D.G. : Mais alors, qu’est-ce qui pousse les dirigeants occidentaux à se coucher devant Poutine ?

Vous parlez de Sarkozy ?

A.L. : Oui, mais Chirac lui a décerné la Légion d’honneur…

Chirac soutenait Poutine pour des raisons idéologiques, dans la fidélité à la tradition gaulliste ; il était profondément antiaméricain et croyait jouer au plus fin en nouant cette alliance de revers contre les Anglo-Saxons. La position de Sarkozy n’est pas une position idéologique. Elle va, d’ailleurs, contre ce que lui- même disait dans ses discours de campagne quand il prétendait préférer serrer la main de Bush que celle de Poutine. Et je crois qu’elle relève plus, encore une fois, de la précipitation et du cynisme : « tout le monde est contre Poutine ? tout le monde lui tombe sur le dos ? eh bien, c’est qu’il y a une position à prendre, une opportunité, une niche – et je la prends. »

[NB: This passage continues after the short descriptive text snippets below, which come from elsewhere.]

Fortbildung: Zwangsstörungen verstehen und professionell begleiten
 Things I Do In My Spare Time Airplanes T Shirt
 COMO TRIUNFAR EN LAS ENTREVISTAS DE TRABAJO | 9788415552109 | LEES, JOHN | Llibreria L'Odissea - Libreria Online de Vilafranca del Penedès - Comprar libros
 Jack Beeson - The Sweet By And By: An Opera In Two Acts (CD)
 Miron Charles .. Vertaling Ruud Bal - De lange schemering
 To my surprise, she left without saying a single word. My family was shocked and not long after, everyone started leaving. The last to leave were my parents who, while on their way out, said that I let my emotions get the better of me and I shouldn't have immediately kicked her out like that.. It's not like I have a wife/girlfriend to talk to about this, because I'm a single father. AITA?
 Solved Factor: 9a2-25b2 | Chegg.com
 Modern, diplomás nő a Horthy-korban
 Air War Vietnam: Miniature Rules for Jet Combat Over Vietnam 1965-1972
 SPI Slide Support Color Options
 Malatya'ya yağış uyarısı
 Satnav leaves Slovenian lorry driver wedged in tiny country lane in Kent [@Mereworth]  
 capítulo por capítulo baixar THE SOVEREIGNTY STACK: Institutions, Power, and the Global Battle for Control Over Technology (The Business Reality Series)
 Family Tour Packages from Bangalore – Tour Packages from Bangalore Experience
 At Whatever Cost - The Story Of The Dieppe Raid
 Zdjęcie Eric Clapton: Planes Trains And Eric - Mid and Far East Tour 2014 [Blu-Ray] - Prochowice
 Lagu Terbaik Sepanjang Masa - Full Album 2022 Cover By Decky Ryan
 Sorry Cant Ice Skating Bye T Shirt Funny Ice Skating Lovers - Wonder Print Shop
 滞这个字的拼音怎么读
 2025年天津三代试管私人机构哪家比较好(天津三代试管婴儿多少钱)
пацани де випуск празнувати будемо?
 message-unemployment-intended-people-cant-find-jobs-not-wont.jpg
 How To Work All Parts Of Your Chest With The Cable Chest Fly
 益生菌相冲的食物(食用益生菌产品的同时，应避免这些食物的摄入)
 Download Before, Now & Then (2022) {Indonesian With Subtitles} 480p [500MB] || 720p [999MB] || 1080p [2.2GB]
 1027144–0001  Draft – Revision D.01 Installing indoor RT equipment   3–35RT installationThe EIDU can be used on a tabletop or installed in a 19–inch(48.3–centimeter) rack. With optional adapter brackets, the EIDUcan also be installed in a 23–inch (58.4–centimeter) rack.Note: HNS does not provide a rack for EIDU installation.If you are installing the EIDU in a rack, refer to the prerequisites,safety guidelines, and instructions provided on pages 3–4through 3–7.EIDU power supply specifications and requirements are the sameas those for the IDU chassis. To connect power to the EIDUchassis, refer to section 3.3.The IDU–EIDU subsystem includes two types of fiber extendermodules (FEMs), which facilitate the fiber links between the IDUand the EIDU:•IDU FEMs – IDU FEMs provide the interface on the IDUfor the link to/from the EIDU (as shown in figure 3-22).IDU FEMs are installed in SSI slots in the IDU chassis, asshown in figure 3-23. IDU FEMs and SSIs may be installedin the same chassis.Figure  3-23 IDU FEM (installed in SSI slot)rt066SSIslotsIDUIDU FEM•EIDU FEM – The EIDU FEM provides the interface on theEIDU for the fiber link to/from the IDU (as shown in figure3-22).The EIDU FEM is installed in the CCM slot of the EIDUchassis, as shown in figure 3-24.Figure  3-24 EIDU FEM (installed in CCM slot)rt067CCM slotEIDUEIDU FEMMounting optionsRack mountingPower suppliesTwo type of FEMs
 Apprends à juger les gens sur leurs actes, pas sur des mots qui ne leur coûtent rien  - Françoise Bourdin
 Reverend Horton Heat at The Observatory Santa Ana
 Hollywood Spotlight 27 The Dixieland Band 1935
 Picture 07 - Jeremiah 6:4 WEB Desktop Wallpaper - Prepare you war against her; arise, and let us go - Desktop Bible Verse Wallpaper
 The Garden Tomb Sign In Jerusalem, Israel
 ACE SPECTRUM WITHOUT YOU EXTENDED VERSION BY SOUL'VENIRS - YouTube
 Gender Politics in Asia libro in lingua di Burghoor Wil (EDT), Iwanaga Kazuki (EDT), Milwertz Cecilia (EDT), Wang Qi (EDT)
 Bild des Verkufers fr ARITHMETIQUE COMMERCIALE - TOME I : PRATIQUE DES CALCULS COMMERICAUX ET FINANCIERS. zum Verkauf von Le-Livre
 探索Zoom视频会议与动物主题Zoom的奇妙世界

A.L. : Puisque ce numéro du Diable porte sur « l’amour du risque », permettez cette question : lorsque vous avez enquêté pour écrire Qui a tué Daniel Pearl ?, vous avez fait preuve d’un courage insensé, non ?

Insensé, sûrement pas. Car, quand je prends des risques, je veille, par principe, à ce qu’ils soient calculés. Pendant la première moitié de l’enquête, j’avais un passeport diplomatique. Puis, pendant un certain temps, les Pakistanais ont vraiment cru que j’écrivais un roman sans danger pour eux. Ce n’est que dans la dernière partie de l’enquête que les choses ont été plus compliquées : je n’avais plus de bouclier – et je me suis juste obligé, alors, à faire des séjours plus courts.

A.L. : Vous mettiez la mort au défi ?

Vous connaissez le mot de Foucault sur le courage ? Le seul vrai courage, dit-il à peu près, n’est pas le courage physique, c’est le courage intellectuel. Ou, plus exactement, le premier n’est rien sans le second et inversement. Ce pour quoi, d’ailleurs, quand vint, pour lui, l’heure de mourir, il eut ce mot magnifique, peut- être le dernier je ne sais pas, à propos de son vieux maître en épistémologie qui fut aussi un héros de la France Libre : « appelez Canguilhem, lui sait mourir… » Je pense, sur ce point, comme Foucault. Avec peut-être aussi, c’est vrai, une fâcheuse tendance à me croire invulnérable.

A.L. : Vous vous croyez hors d’atteinte ? Il y a sans doute une petite histoire, qui rend compte de cette « superstition ».

Il y a une petite histoire, sans doute. Mais il y a surtout, comme toujours, un dispositif philosophique.

A.L. : En la matière, je crois plus aux petites histoires qu’au dispositif philosophique…

Et je crois, moi, qu’on a la philosophie de sa biographie : ce qui, au fond, revient au même.